After high school, He enrolled at University of California, Berkeley. While there, he would commute two hours by train and ferry. Ghiselin said about commuting "I learned the look and feel of dawn and night on the Bay water." Ghiselin thought he wanted to be a painter, but was unhappy with his art teachers, dropping out the middle of his freshman year. He went to work for the San Anselmo Herald and the San Francisco Bulletin. Looking for something more than the "stream of daily news", he enrolled at UCLA, again taking up Art. He said, ... "Art [which] taught me a lot about writing."

Achieving an M.A. in English, he went on to Oxford University, for further study. While at Oxford, he sought out D. H. Lawrence, finding him at the hotel Beau Rivage, in France. After his meeting with Lawrence, he wrote a great deal of poetry that remained unpublished for six or seven years.
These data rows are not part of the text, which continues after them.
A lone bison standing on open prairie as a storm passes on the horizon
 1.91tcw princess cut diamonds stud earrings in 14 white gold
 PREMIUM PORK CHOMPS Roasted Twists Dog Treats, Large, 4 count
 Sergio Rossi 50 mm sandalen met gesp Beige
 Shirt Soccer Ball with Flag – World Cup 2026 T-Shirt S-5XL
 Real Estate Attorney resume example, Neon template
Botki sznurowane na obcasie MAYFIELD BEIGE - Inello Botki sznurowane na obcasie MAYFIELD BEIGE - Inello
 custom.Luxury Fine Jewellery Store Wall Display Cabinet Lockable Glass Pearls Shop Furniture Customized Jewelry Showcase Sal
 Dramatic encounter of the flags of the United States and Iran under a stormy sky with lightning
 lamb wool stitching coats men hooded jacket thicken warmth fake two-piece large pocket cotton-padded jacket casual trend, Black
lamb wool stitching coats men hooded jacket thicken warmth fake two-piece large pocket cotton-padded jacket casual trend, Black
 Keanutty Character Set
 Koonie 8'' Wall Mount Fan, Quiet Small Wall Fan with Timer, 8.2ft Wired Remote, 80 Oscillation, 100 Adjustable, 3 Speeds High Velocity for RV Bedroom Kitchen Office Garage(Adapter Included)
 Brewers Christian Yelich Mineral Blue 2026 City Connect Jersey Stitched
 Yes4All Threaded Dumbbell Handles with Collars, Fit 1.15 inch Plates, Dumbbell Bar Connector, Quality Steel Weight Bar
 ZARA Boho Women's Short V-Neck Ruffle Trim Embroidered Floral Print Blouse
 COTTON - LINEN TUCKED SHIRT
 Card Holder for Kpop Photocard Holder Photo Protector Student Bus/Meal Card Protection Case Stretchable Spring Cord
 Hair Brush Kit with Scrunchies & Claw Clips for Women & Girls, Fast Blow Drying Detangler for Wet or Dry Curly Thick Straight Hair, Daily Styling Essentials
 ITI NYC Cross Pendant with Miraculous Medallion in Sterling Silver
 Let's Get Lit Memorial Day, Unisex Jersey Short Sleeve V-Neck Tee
Then in 1929 he became a member of the English faculty at the University of Utah, where he taught English. Finding the intellectual climate in Utah rather "chilling", he secured a job at Berkeley, where he and his wife Olive lived.

In 1933 during the depression, he was out of a job. His mother had died in Laguna Beach, facilitating a move to her home. Together with scholar, Alfred Young Fisher, husband of M. F. K. Fisher, they organized the "Emergency Education Program" earning $27.00 a month teaching night classes at the local High School.

He was lured back to the University of Utah where he began teaching a course, in 1941, called "The Creative Process". This was the beginning of the making of the Utah Writer's Conference. He was responsible for creating the Utah Writer's Conference in 1947, where he remained its director until 1966.

He published Against the Circle in 1946. The poem "Rattlesnake" from this book of poems is mentioned in Richard Hugo's Triggering Town, a book of lectures and essays on the writing of poetry. In 1970, he published the book Country of the Minotaur, a compilation of many of his poems.

In 1952, Ghiselin edited The Creative Process, a symposium of the writings of some thirty-eight men and women, including Katherine Anne Porter, Albert Einstein, Vincent van Gogh, D. H. Lawrence, etc., on the creative process.